After a devastating, long-drawn-out divorce, an on-the-rebound failed love affair and subsequent depression, Gilbert decides to take a year to travel to Italy, India and Indonesia (specifically Bali). She planned to explore pleasure (through food) in Italy, devotion (by living at an ashram in Indian) and a combination of worldly enjoyment and divine transcendence in Bali. As I read it, I found myself earmarking the book, something I don't even do while reading my book club books.
Little did I know that while Gilbert was exploring her spirituality, I was exploring mine. For me, it was literally a self-help book (and I never buy self-help books because they do nothing for me.) In her pages I found peace, serenity, contentment, release from pain, succor, call it what you will, for a difficult situation I'm enduring right now.
I'm going to print some passages from the book here, because they are ones that spoke to me. But I think everyone who reads it will find something to meditate upon. (I will leave the passage about soul friends for another post.) I HIGHLY recommend this book.
Page 120: "I honor the divinity that resides inside me." (Me: God is in me. God is love, therefore I must love myself. I AM good, I have worth, I am someone, I am not to be taken lightly. I may have overstepped the Yogi's concept a bit, but isn't the purpose of any text to take your thoughts to the next step?)
Page 178-179. "I will not harbor unhealthy thoughts anymore.....A harbor of course is a place of refuge, a port of entry. I pictured the harbor of my mind - a little beat-up, perhaps, a little storm-worn, but well situated and with a nice depth. The harbor of my mind is an open bay, the only access to the island of my Self (which is a young and volcanic island, yes, but fertile and promising). The island has been through some wars, it is true, but now committed to peace, under a new leader (me) who has instituted new policies to protect the place....You may not come here any more with your hard and abusive thoughts, with your plague ships of thoughts, with your slave ships of thoughts, with your warships of thoughts--all these will be turned away....This is a peaceful harbor, the entryway to a fine and proud island this is only now beginning to cultivate tranquillity...."

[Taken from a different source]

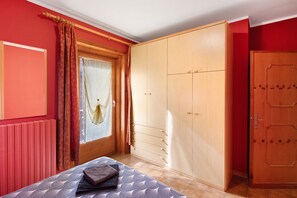Una camera da letto con un letto, un armadio e una finestra con tende.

Page 251: "The [Balinese] child is taught from the earliest consciousness that she has these four brothers with her in the world wherever she goes, and that they will always look after her. the brothers inhabit the four virtues a person needs in order to be safe and happy in life: Intelligence, friendship, strength and (I love this one) poetry. The brothers can be called upon in any critical situation for rescue and assistance. When you die, your four spirit brothers will collect your soul and bring you to heaven."
Page 260: "...I also keep remembering a simple idea my friend Darcey once told me--that all the sorrow and trouble of this world is caused by unhappy people. Not only the big global Hitler-'n'-Stalin picture, but on the smallest personal level....The search for contentment is therefore, not merely a self-preserving and self-benefiting act, but also a generous gift to the world. Clearing out all your misery gets you out of the way. You cease being an obstacle, not only to yourself, but to anyone else. Only then are you free to serve and enjoy other people."